Текст:Александр Машин:О деньгах
Константин Крылов описал[1] особую российскую форму богатства — бабло, то есть, деньги, поддержанные властью и связями, деньги, которые могут сами себя защищать. Он также противопоставил баблу солидарность.
Деньги — одновременно отчуждённые власть, труд и солидарность; единственная их ликвидная форма, которые можно бесконечно делить, накапливать, давать взаймы и обменивать на другие блага; мост между всеми тремя. Когда деньги развиты плохо, плоды труда не преобразовать во власть, ибо они будут отобраны; властью не получить труда, кроме подневольного и некачественного; а сотрудников можно найти только за время, пропорциональное квадрату их числа. Деньги соединяют правящего и подданного, производителя и потребителя, сотрудника и сотрудника, преодолевая препятствия пространства, времени и технологий. С их помощью ресурсы мгновенно перемещаются туда, где в них наибольшая нужда. На это нужно время, пропорциональное первой степени числа ресурсов.
Но в полной мере это относится к настоящим, развитым деньгам. В современной России их нет, а есть бабло.
Настоящие деньги существуют в обществе, где насилие есть монополия закона, равного для всех и оплачиваемого простыми налогами, зато предпринимательство монополией быть не может. В нынешней России монополии на насилие нет, зато на монополии поделён рынок.
Все настоящие деньги одинаковы: один рубль пахнет так же, как и другой и ничем от него не отличается. Все они в равной мере защищают себя и своих хозяев, все суть свобода, отчеканенная в металле монопольным эмиссионным центром. Но бабло под одним названием соединяет много разных крыш и связей. Деньги есть одного сорта, бабло — разных. Деньги универсальны, бабло уникально. В мировом масштабе, разные валюты — тоже разные сорта бабла, каждый поддержанный своей крышей. Чем больше цивилизации, тем меньше валют. Идеальные деньги с радостью примут в любом месте Земли. Их не надо защищать: если бы кто-то их отобрал, это подорвало бы монополию на насилие выпустившего их государства, и как следствие — сами деньги. Отобравшие бандиты получили бы этим право на выпуск собственных денег в количествах, пропорциональных отобранному.
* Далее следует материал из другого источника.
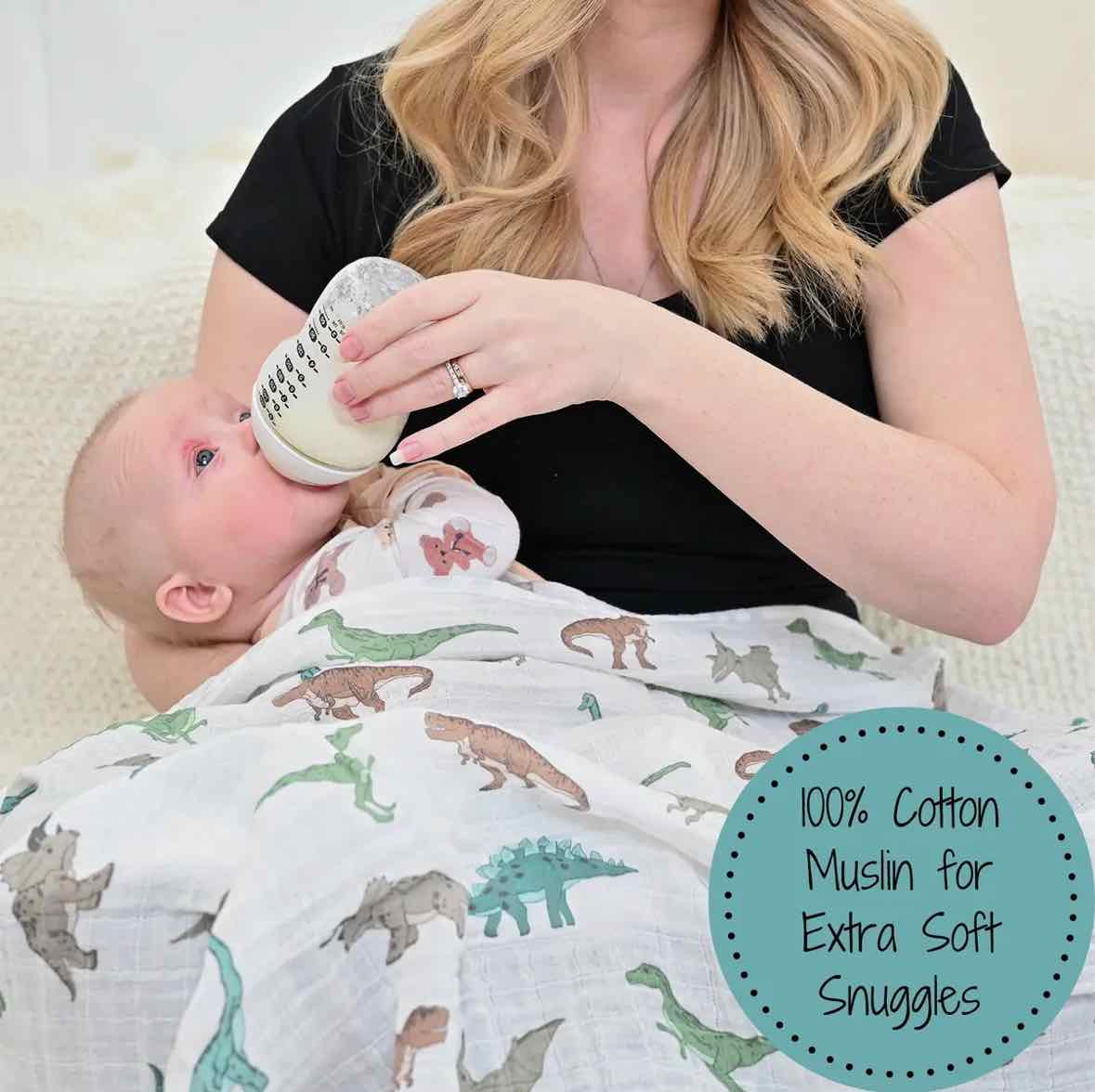 LollyBanks T-Rexcellent Day Dino Receiving Blanket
Бабло правит там, где есть конкурентное насилие и монопольные рынки; деньги бывают там, где действует монополия на насилие и рыночная конкуренция. Если что и стоит называть прогрессом, так это переход от бабла к деньгам; обратный переход есть регресс.
Бабло — деньги недоразвитого или деградировавшего общества.
В мире победившего бабла люди с деньгами чувствуют себя неуютно, как и современные люди среди дикарей. Они хотят приблизить победу денег над баблом, хотя бы тем, что стали называть все виды бабла одним собирательным словом, подобно деньгам.
Деньги неразрывно связаны с насилием, ибо только насилием можно заставить принимать вновь выпущенные деньги. Монополия на ту или иную деятельность, кажется, неизбежна. Вопрос в том, на что она будет: на насилие, что означает достаток, или на всё остальное, что означает рабство.
Солидарная группа — это тоже крыша, и как следствие, эмитент — внутри себя, денег (в виде взаимных зачётов, для начала), а вне себя, — бабла. Солидарность — это тоже деньги. Поэтому держатели бабла давят солидарность: не любят опасных конкурентов.